┌──

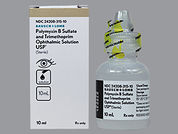 Polymyxin B Sul-Trimethoprim: Esto es un Gotas imprimido con nada en la parte delantera, nada en la parte posterior, y es fabricado por None.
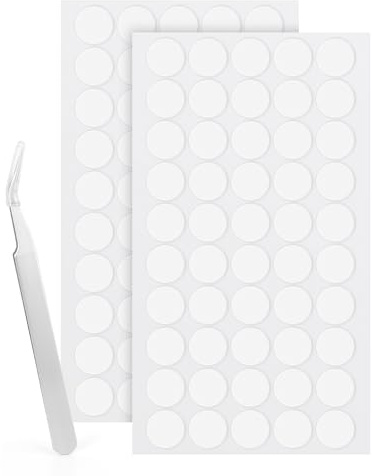 LLPT Doppelseitige Klebepunkte Transparente Runde 100 Stück 20MM | Entfernbare Nano-Aufkleber, Super Sticky, Wasserfeste Keine Spuren für DIY-Heimdekoration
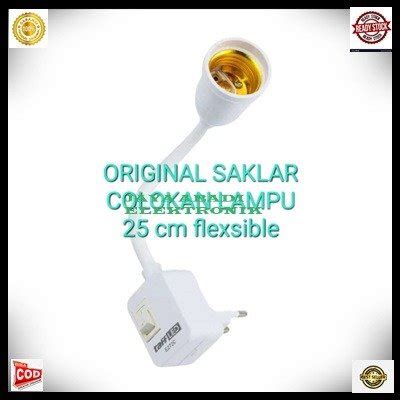 Jual Original Saklar Colok Cm Sambungan Rumah Lampu E Extension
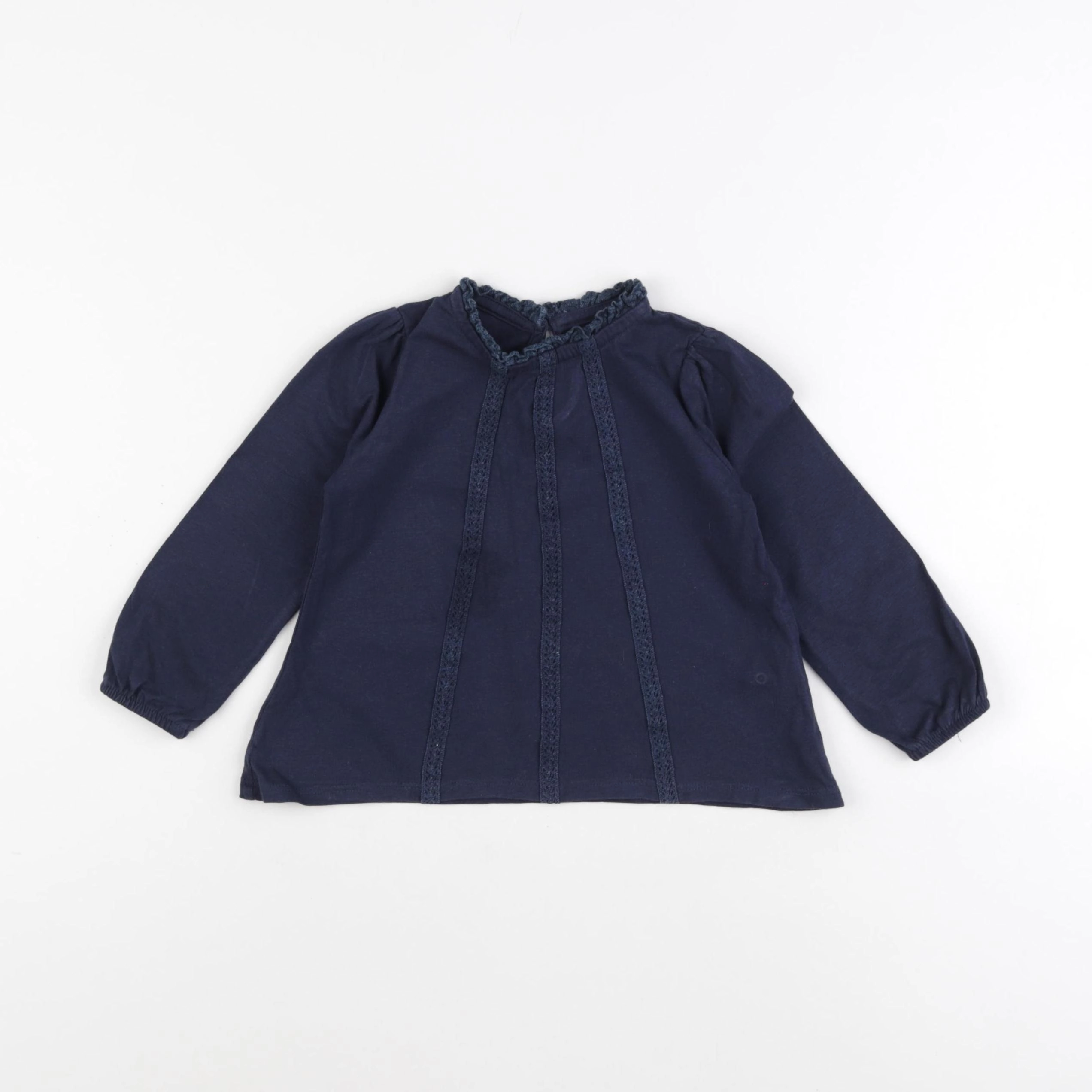 Vertbaudet - tee-shirt bleu - 2 ans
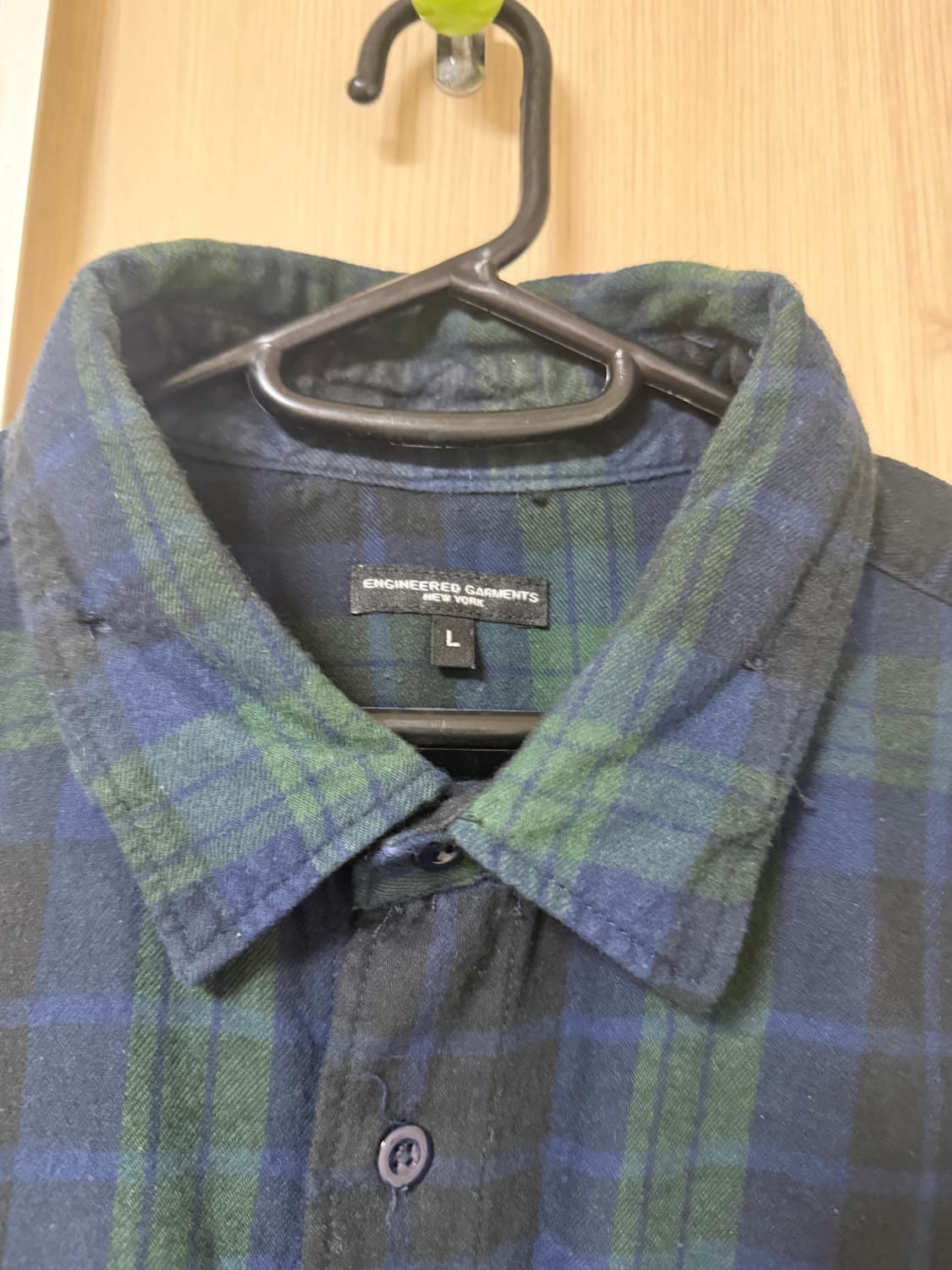 엔지니어드 가먼츠 23aw 트레일 블랙와치 플란넬 셔츠 상품이미지2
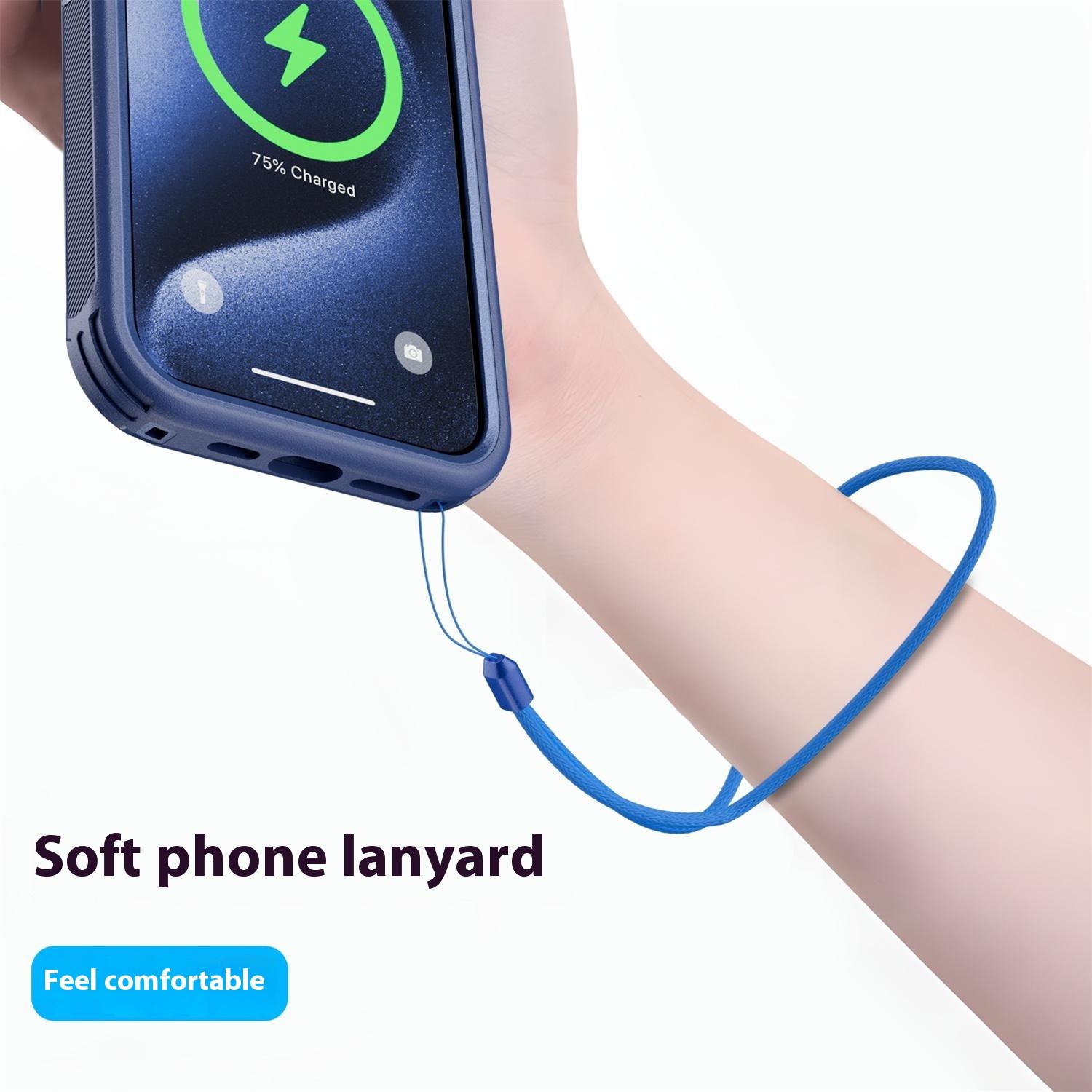 For iPhone 15 Pro Magnetic Case Lens Kickstand 3 in 1 Detachable TPU+PC Phone Back Cover with Lanyard Cyan
For iPhone 15 Pro Magnetic Case Lens Kickstand 3 in 1 Detachable TPU+PC Phone Back Cover with Lanyard Cyan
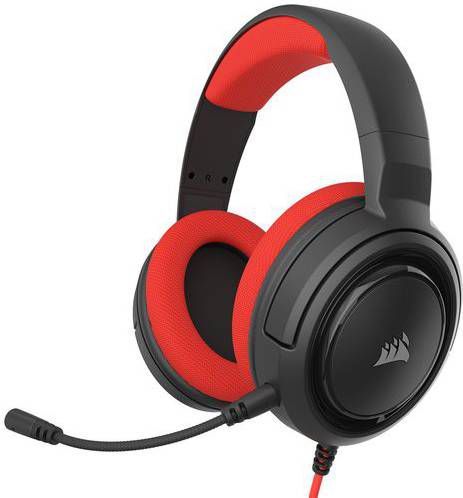 Corsair HS35 Stereo Gaming Headset Rood
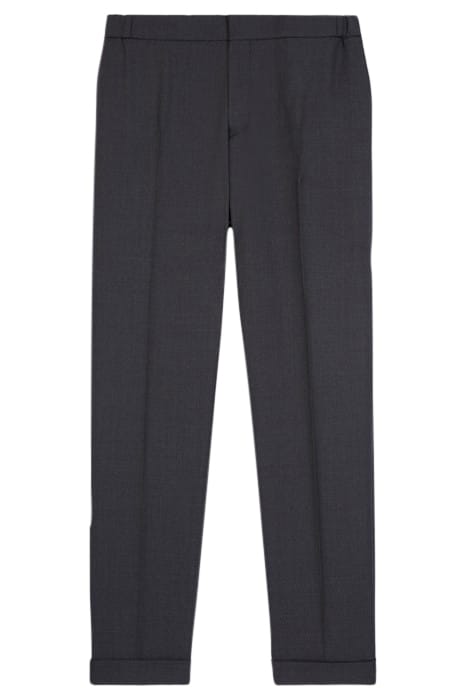 SUIT TROUSERS WITH ELASTIC BELT GREY 3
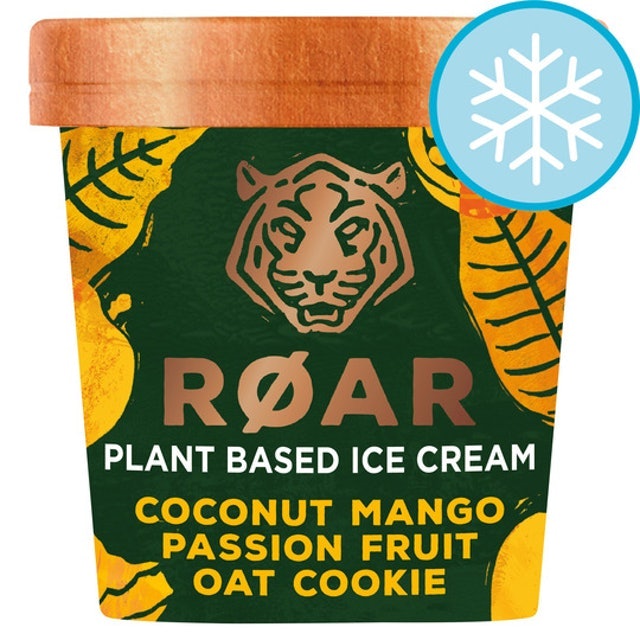 Roar Coconut Mango Passion Fruit Oat Cookie Ice Cream 1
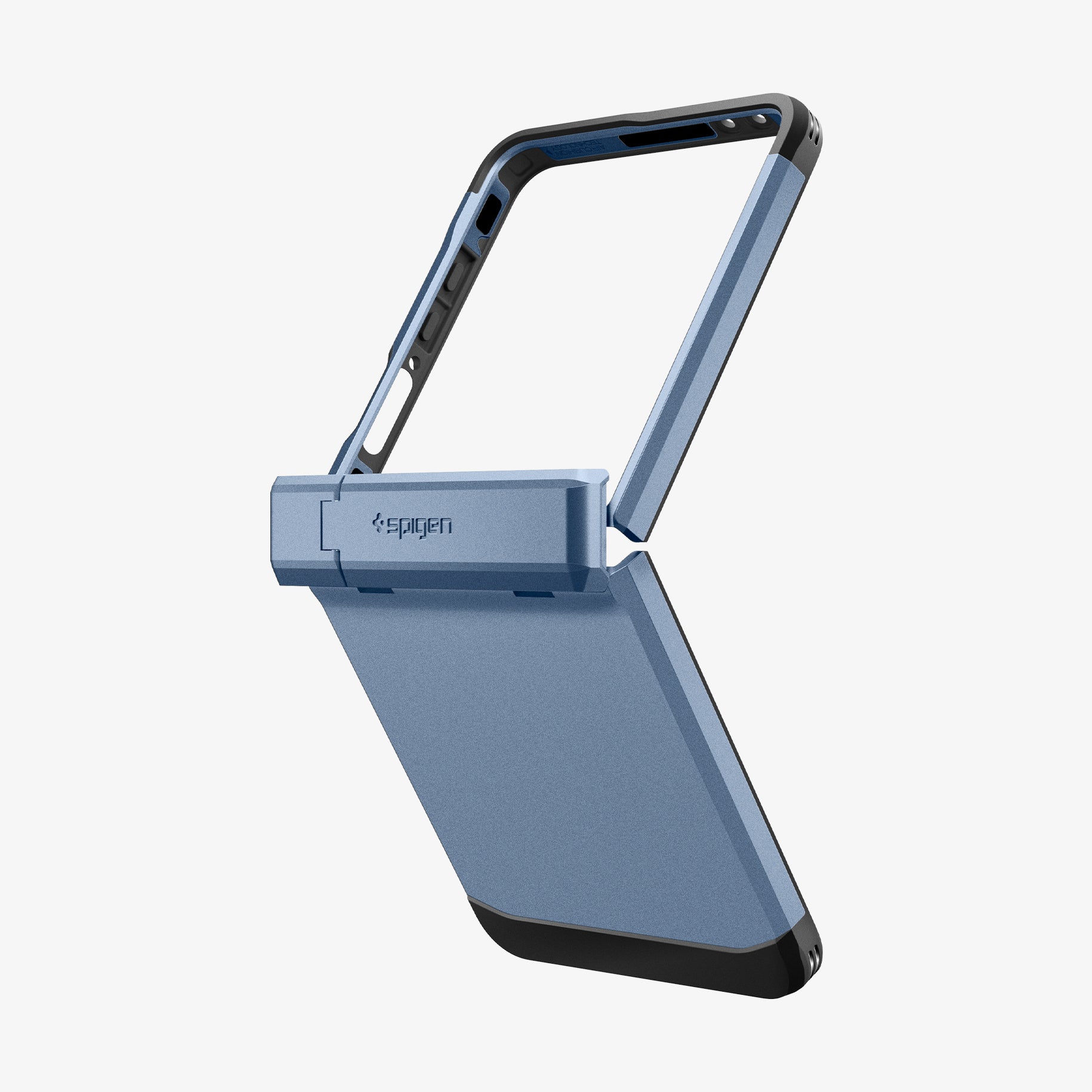 ACS09562 - Galaxy Z Flip 7 Case Tough Armor Pro (MagFit) in sierra blue showing the back and side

└──

### What you will do
What is needed here is an exact repetition of the listing above, pictures excluded.

### Response to this task
 Polymyxin B Sul-Trimethoprim: Esto es un Gotas imprimido con nada en la parte delantera, nada en la parte posterior, y es fabricado por None.
 LLPT Doppelseitige Klebepunkte Transparente Runde 100 Stück 20MM | Entfernbare Nano-Aufkleber, Super Sticky, Wasserfeste Keine Spuren für DIY-Heimdekoration
 Jual Original Saklar Colok Cm Sambungan Rumah Lampu E Extension
 Vertbaudet - tee-shirt bleu - 2 ans
 엔지니어드 가먼츠 23aw 트레일 블랙와치 플란넬 셔츠 상품이미지2
 For iPhone 15 Pro Magnetic Case Lens Kickstand 3 in 1 Detachable TPU+PC Phone Back Cover with Lanyard Cyan
For iPhone 15 Pro Magnetic Case Lens Kickstand 3 in 1 Detachable TPU+PC Phone Back Cover with Lanyard Cyan
 Corsair HS35 Stereo Gaming Headset Rood
 SUIT TROUSERS WITH ELASTIC BELT GREY 3
 Roar Coconut Mango Passion Fruit Oat Cookie Ice Cream 1
 ACS09562 - Galaxy Z Flip 7 Case Tough Armor Pro (MagFit) in sierra blue showing the back and side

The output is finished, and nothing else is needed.